EXERCISE INSTRUCTIONS
Give back exactly the stretch of data below from the line holding "Appartement à louer" through the line holding "HONDA N-WGN", both ends included, and leave the remaining lines out.

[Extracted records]
-=-=-=-=-

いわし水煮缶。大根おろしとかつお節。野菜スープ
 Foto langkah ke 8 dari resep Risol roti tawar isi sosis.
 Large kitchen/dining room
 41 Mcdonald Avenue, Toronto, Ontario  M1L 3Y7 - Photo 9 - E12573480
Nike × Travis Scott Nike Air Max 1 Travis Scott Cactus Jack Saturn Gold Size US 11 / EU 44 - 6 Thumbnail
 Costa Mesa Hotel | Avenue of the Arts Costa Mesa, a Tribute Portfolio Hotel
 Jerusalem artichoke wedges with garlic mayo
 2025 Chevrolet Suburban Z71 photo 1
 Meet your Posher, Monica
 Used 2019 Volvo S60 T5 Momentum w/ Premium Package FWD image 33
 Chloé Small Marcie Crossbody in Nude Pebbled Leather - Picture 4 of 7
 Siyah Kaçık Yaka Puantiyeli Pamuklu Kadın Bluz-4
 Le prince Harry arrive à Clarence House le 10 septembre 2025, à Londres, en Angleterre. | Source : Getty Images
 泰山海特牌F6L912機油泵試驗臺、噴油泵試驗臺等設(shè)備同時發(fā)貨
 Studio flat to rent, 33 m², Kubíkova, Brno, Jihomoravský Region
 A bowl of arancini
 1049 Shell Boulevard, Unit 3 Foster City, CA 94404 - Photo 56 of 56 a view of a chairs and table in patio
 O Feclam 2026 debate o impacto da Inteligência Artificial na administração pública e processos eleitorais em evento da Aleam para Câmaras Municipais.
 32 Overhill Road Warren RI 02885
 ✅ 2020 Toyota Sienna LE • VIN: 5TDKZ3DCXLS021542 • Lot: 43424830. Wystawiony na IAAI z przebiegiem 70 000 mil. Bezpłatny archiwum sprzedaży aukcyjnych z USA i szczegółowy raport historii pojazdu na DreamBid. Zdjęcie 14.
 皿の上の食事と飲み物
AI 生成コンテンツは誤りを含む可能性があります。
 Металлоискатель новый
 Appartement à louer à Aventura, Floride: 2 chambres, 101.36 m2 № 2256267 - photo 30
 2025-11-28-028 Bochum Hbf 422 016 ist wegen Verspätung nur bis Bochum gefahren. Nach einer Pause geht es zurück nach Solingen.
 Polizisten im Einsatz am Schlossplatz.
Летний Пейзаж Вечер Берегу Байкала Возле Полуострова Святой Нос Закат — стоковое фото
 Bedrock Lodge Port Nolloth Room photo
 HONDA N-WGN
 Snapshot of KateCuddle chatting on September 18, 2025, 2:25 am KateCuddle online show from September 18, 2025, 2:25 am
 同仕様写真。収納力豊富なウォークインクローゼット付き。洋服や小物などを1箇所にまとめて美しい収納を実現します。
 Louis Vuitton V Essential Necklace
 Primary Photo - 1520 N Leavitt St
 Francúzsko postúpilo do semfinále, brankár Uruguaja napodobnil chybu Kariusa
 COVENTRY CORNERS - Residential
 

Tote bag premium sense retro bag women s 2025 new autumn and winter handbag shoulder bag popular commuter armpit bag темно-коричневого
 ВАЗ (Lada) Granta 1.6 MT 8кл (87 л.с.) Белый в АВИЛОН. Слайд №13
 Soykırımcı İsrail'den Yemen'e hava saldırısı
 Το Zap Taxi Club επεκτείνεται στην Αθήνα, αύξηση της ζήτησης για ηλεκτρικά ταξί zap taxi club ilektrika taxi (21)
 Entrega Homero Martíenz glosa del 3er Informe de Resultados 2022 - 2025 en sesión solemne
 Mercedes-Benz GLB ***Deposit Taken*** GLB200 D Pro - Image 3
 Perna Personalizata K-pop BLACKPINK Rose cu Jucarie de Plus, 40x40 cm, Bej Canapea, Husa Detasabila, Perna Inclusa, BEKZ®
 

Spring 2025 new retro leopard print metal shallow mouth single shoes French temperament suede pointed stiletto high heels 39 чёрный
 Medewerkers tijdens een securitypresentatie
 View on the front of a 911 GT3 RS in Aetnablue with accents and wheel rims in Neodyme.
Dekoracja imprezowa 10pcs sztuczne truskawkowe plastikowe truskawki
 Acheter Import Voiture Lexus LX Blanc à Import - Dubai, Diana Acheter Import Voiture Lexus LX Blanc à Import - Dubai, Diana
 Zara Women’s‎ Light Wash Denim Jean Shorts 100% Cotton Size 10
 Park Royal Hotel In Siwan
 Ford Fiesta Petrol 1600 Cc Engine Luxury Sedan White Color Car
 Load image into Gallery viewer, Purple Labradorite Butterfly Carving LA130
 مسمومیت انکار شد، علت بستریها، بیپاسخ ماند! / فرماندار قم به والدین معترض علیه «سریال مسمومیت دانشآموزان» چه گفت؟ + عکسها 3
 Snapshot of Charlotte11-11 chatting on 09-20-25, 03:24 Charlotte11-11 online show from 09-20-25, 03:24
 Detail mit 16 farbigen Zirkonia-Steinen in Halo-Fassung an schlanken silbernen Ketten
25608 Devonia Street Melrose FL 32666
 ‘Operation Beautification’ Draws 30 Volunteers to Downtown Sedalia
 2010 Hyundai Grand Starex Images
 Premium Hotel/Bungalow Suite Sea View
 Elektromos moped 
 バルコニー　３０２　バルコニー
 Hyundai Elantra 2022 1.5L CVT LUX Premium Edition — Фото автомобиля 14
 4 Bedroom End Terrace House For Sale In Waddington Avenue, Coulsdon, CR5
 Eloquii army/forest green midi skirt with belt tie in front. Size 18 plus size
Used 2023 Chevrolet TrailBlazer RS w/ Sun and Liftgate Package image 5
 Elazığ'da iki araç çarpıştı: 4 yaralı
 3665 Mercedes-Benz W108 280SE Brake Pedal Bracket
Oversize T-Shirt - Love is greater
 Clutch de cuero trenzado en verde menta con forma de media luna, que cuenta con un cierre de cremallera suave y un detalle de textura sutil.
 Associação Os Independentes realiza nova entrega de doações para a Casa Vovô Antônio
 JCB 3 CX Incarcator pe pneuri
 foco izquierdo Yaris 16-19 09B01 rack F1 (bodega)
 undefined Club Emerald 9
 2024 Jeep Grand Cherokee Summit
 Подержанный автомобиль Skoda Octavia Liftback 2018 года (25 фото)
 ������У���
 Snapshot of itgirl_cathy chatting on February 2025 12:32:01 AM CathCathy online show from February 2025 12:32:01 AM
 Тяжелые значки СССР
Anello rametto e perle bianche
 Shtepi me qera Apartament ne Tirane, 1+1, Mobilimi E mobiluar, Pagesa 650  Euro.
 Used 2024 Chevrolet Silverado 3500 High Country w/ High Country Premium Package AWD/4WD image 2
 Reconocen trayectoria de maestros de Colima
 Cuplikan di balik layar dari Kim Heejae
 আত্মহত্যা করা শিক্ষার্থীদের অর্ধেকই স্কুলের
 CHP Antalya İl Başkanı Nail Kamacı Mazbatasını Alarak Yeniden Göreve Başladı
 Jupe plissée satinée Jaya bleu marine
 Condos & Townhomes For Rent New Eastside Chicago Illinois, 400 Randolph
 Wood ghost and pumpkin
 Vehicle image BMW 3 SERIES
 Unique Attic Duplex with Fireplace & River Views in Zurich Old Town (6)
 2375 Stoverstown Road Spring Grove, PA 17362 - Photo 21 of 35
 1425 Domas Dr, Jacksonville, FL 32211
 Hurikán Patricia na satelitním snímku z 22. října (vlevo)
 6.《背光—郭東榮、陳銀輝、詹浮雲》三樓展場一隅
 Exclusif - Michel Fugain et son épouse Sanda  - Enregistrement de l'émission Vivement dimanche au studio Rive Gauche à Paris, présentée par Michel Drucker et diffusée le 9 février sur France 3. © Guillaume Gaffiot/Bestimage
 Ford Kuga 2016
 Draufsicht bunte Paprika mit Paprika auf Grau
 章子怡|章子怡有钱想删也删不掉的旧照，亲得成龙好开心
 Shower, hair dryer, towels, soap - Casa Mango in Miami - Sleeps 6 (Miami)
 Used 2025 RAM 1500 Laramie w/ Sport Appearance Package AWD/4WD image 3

-=-=-=-=-

FINISHED EXERCISE
 Appartement à louer à Aventura, Floride: 2 chambres, 101.36 m2 № 2256267 - photo 30
 2025-11-28-028 Bochum Hbf 422 016 ist wegen Verspätung nur bis Bochum gefahren. Nach einer Pause geht es zurück nach Solingen.
 Polizisten im Einsatz am Schlossplatz.
Летний Пейзаж Вечер Берегу Байкала Возле Полуострова Святой Нос Закат — стоковое фото
 Bedrock Lodge Port Nolloth Room photo
 HONDA N-WGN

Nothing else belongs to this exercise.